> **WHAT IS NEEDED**
Omit any picture, and return the remaining data exactly as written.

Collection entries
------

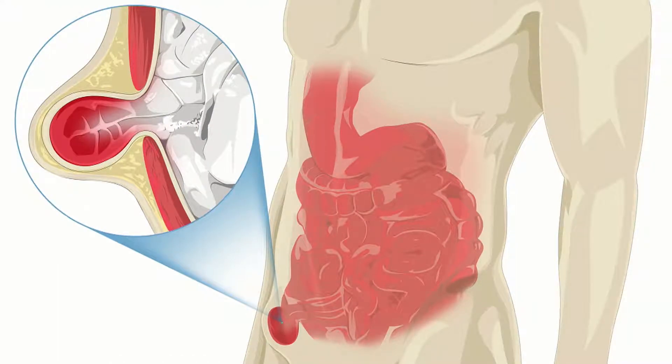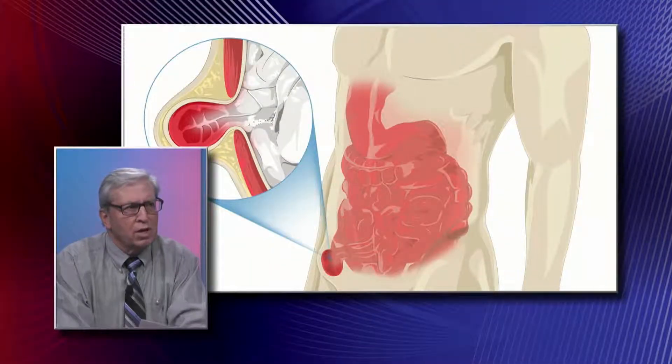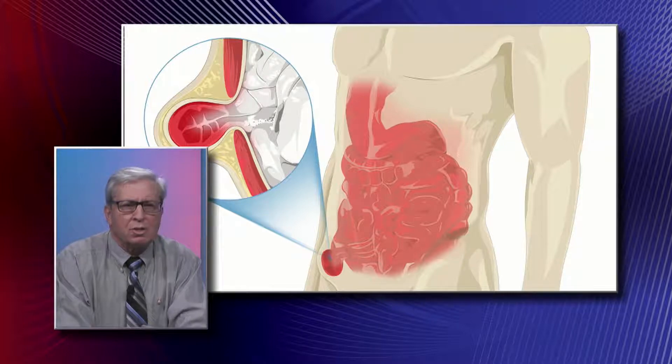Specifically, the area that you see in the small circled area is an enlargement of what's happening inside. If you look at that picture on the bottom, you see that there's an area where the intestine, which is red in color, looks a little darker. This is a picture of a piece of intestine that has come out through the opening, or through the hernia.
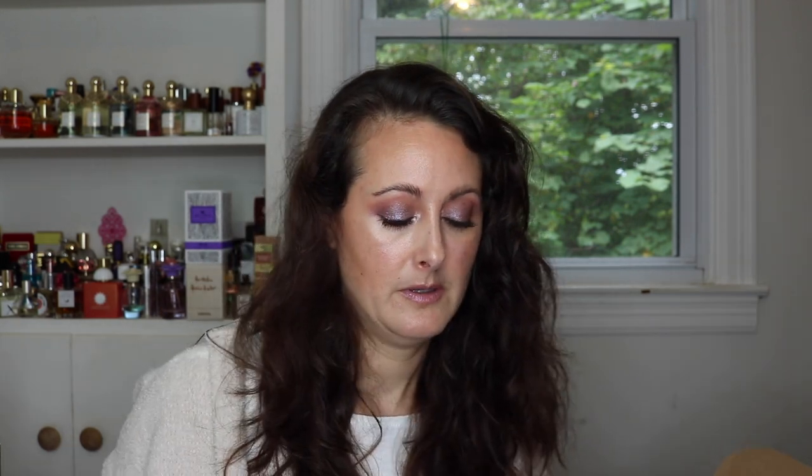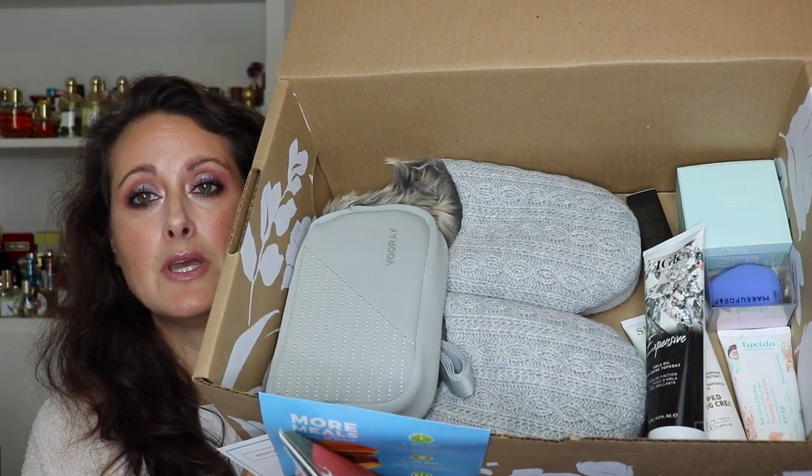Let's talk a little bit about what FabFitFun is. This is called the Members Picks box. It's normally $49.99 a month but if you use the code MAYES — M-A-Y-E-S — you can get your first box for $39.99. This is over $200 worth of retail products for $40, which I think is a great deal. That's why I love subscription boxes, especially ones that include full-size products.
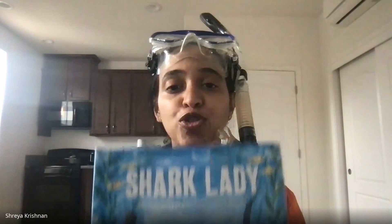So are you ready to be a shark scientist? Maybe you'll be inspired by this book on Eugenie Clark. You'll read how Eugenie broke a lot of barriers as a woman scientist to show the world how cool sharks really are. Hope you enjoyed this video.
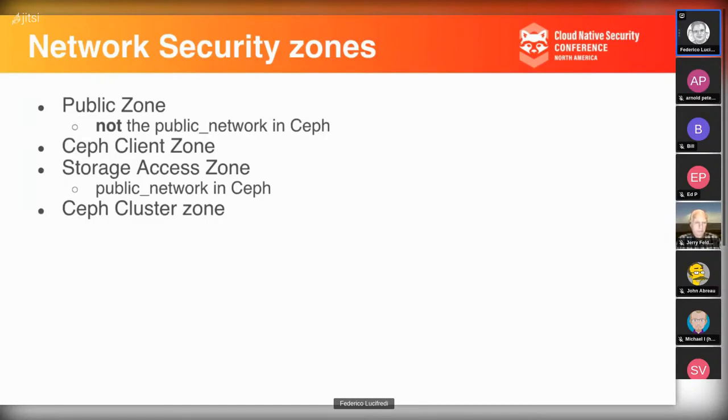Red Hat customers typically use Ceph as block storage for OpenStack, and also for object storage as a replacement for Swift. In Kubernetes, Ceph provides block storage for persistent volumes (PVs), or PVs backed by CephFS for sharing between multiple containers. Individual daemons on each node called OSDs provide storage. The Paxos quorum algorithm is run by daemons called MONs (monitors), usually three or five in a cluster. Dedicated daemons provide specific protocols — S3 compatibility via the RADOS Object Gateway (RGW).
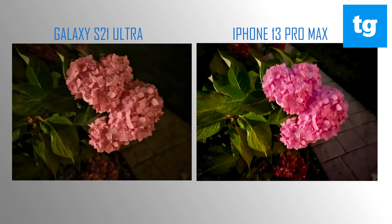To test the iPhone 13 Pro Max in low light, I shot these hydrangea flowers at night in near complete darkness. Neither image looks really sharp, but the iPhone delivers a more accurate pink and more vibrant green leaves.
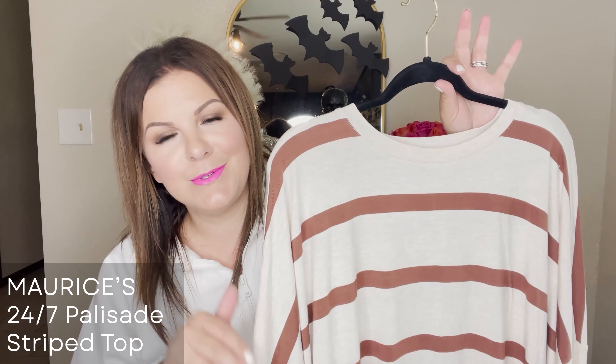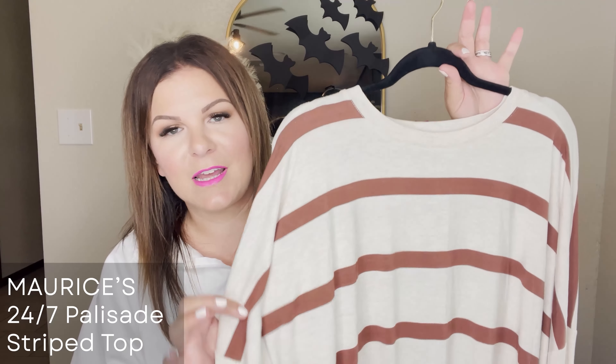Without a doubt, one of the softest most comfortable things I've had on my body recently is this little top from Maurice's. It's one of their 24/7 tees — this one has more of a dolman sleeve and a little shark bite hem with side slits, but nothing extreme. It's incredibly soft and flowy. I'm in a 2X and it has a ton of room, so I think you could easily size down one. They typically go up to a 4X. If you're looking for something soft and comfortable to hang out in this fall, you'll definitely love this.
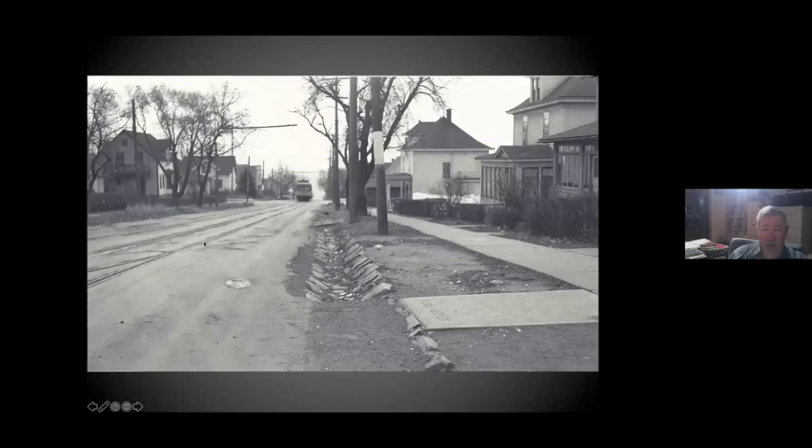And this is that same car, same camera, and once again you're looking down the hill.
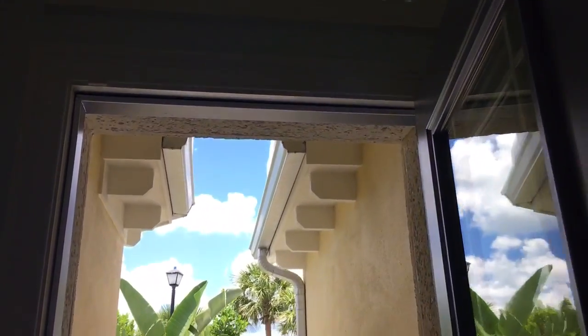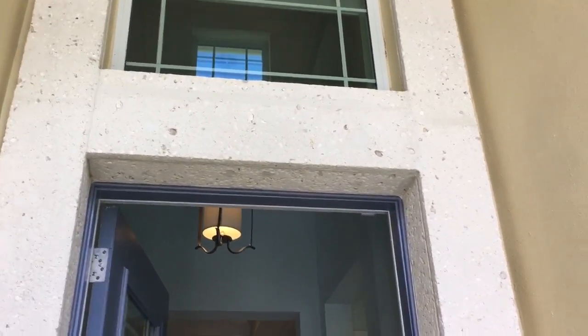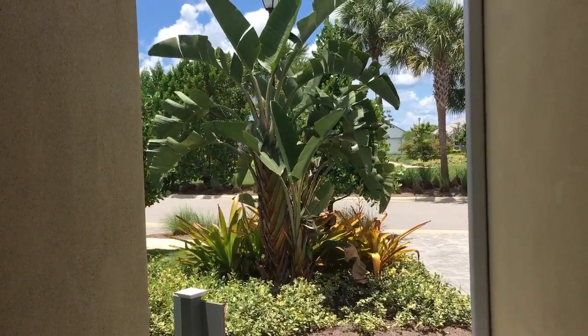Traditionally, you would place a mirror above the door, either inside or out, right above the door up there, with the intention of pushing that off of the mouth of the house as well.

------

> **FINISHED TASK**
Specifically, the area that you see in the small circled area is an enlargement of what's happening inside. If you look at that picture on the bottom, you see that there's an area where the intestine, which is red in color, looks a little darker. This is a picture of a piece of intestine that has come out through the opening, or through the hernia.
Let's talk a little bit about what FabFitFun is. This is called the Members Picks box. It's normally $49.99 a month but if you use the code MAYES — M-A-Y-E-S — you can get your first box for $39.99. This is over $200 worth of retail products for $40, which I think is a great deal. That's why I love subscription boxes, especially ones that include full-size products.
So are you ready to be a shark scientist? Maybe you'll be inspired by this book on Eugenie Clark. You'll read how Eugenie broke a lot of barriers as a woman scientist to show the world how cool sharks really are. Hope you enjoyed this video.
Red Hat customers typically use Ceph as block storage for OpenStack, and also for object storage as a replacement for Swift. In Kubernetes, Ceph provides block storage for persistent volumes (PVs), or PVs backed by CephFS for sharing between multiple containers. Individual daemons on each node called OSDs provide storage. The Paxos quorum algorithm is run by daemons called MONs (monitors), usually three or five in a cluster. Dedicated daemons provide specific protocols — S3 compatibility via the RADOS Object Gateway (RGW).
To test the iPhone 13 Pro Max in low light, I shot these hydrangea flowers at night in near complete darkness. Neither image looks really sharp, but the iPhone delivers a more accurate pink and more vibrant green leaves.
Without a doubt, one of the softest most comfortable things I've had on my body recently is this little top from Maurice's. It's one of their 24/7 tees — this one has more of a dolman sleeve and a little shark bite hem with side slits, but nothing extreme. It's incredibly soft and flowy. I'm in a 2X and it has a ton of room, so I think you could easily size down one. They typically go up to a 4X. If you're looking for something soft and comfortable to hang out in this fall, you'll definitely love this.
And this is that same car, same camera, and once again you're looking down the hill.
Traditionally, you would place a mirror above the door, either inside or out, right above the door up there, with the intention of pushing that off of the mouth of the house as well.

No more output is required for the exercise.